The Allais paradox was developed by *Maurice Allais* in his paper “Le Comportement de l’homme rationnel devant le risque: critique des postulats et axiomes de l’école américaine”, 1953 and it describes the empirically demonstrated fact that individuals’ decisions can be inconsistent with *expected utility theory*. This paradox is usually explained with Allais experiment (you may try it yourself), which is:

An individual is asked to choose one between the following gambles:

Gamble A: 100% chance of receiving 100 millions

Gamble B: 10% chance of receiving 500 millions,

89% chance of receiving 100 millions,

1% chance of receiving nothing

And another amongst the following:

Gamble C: 11% chance of receiving 100 millions,

89% chance of receiving nothing

Gamble D: 10% chance of receiving 500 millions,

90% chance of receiving nothing

If *expected utility* axiomatic was applied, the preference A > B should imply that C > D. However, the experiment shows that most rational individuals would choose so that A > B but C < D, even though it can be easily seen that the expected value of each gamble is a=100, b=139, c=11 and d=50.

In the first gamble the less *risky choice* is preferred over a higher expected utility, while in the second gamble a higher expected utility is preferred over a less risky choice.
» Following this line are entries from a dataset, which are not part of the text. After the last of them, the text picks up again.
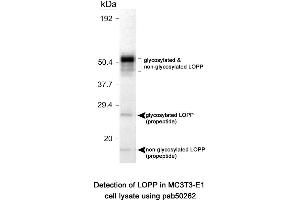 Image no. 1 for anti-Lysyl Oxidase Pro-Peptide (LOPP) (AA 78-115), (Internal Region) antibody (ABIN363571)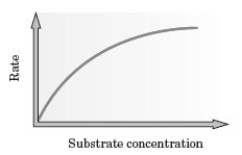 Examine the following graph.   Which of the following explains why the  line  on the graph does not continue in a linear fashion? A)  All of the added substrate is bound to the enzyme. B)  All of the enzyme active sites are occupied. C)  The amount of enzyme present is greater than needed by the substrate. D)  An inhibitor is present.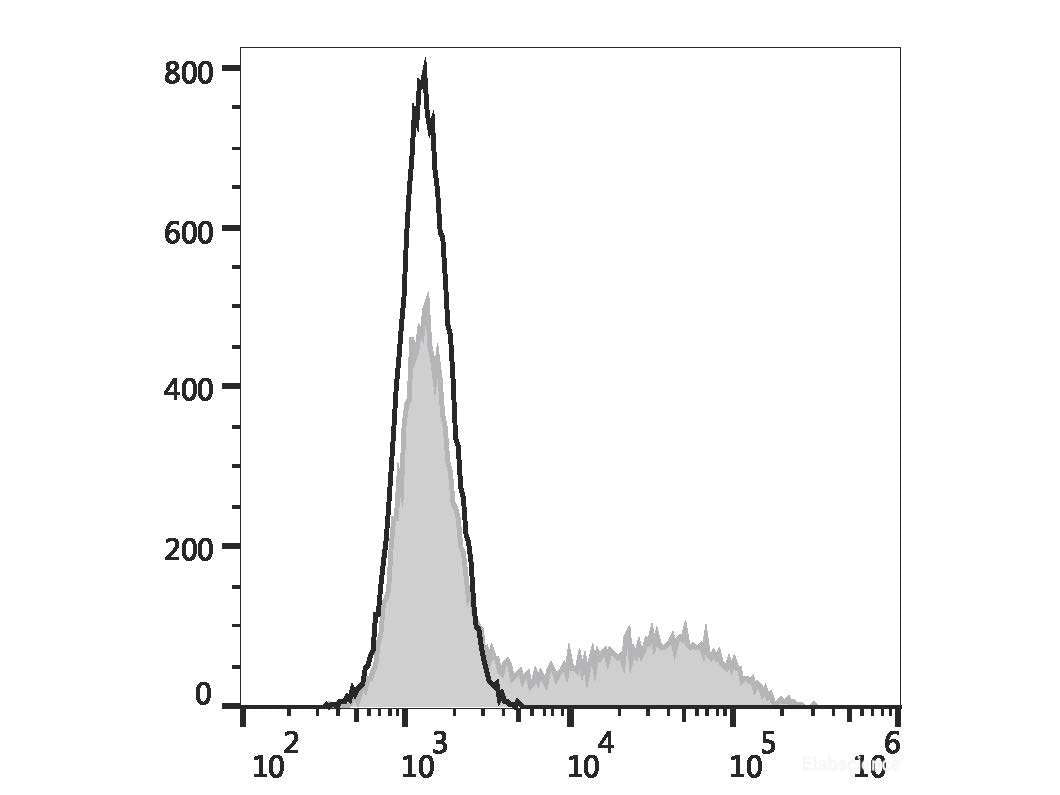 Elab Fluor® Violet 450 Anti-Mouse IL-17A Antibody[17F3]
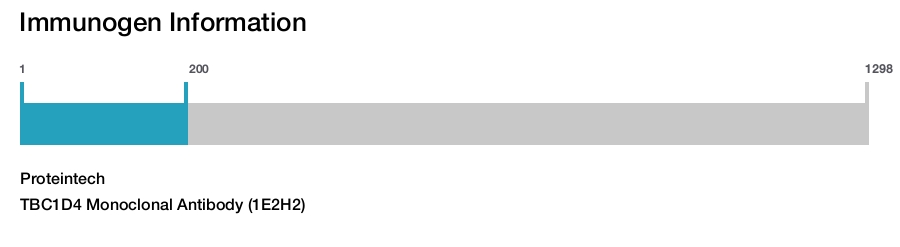 TBC1D4 Monoclonal Antibody (1E2H2)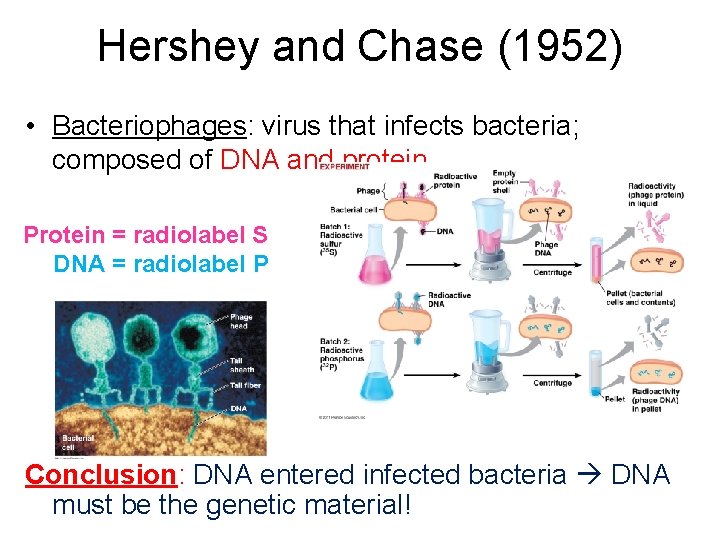 Hershey and Chase (1952) • Bacteriophages: virus that infects bacteria; composed of DNA and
This paradox relies in the fact that in certain types of gambling, although people usually prefer certainty to *uncertainty*, if they are approached differently, they will prefer the uncertainty that was previously rejected. Therefore we can extract a series of conclusions. First, as we have seen, in the real world expected utility theory does not really applied, therefore its many critiques and alternative approaches. Second, people tend to give an extra value to total absence of *risk* on the contrary to remote and highly uncertain risk. Third and last, when the differences in probabilities are very small, people tend to ignore them and the expected utility is the alternative.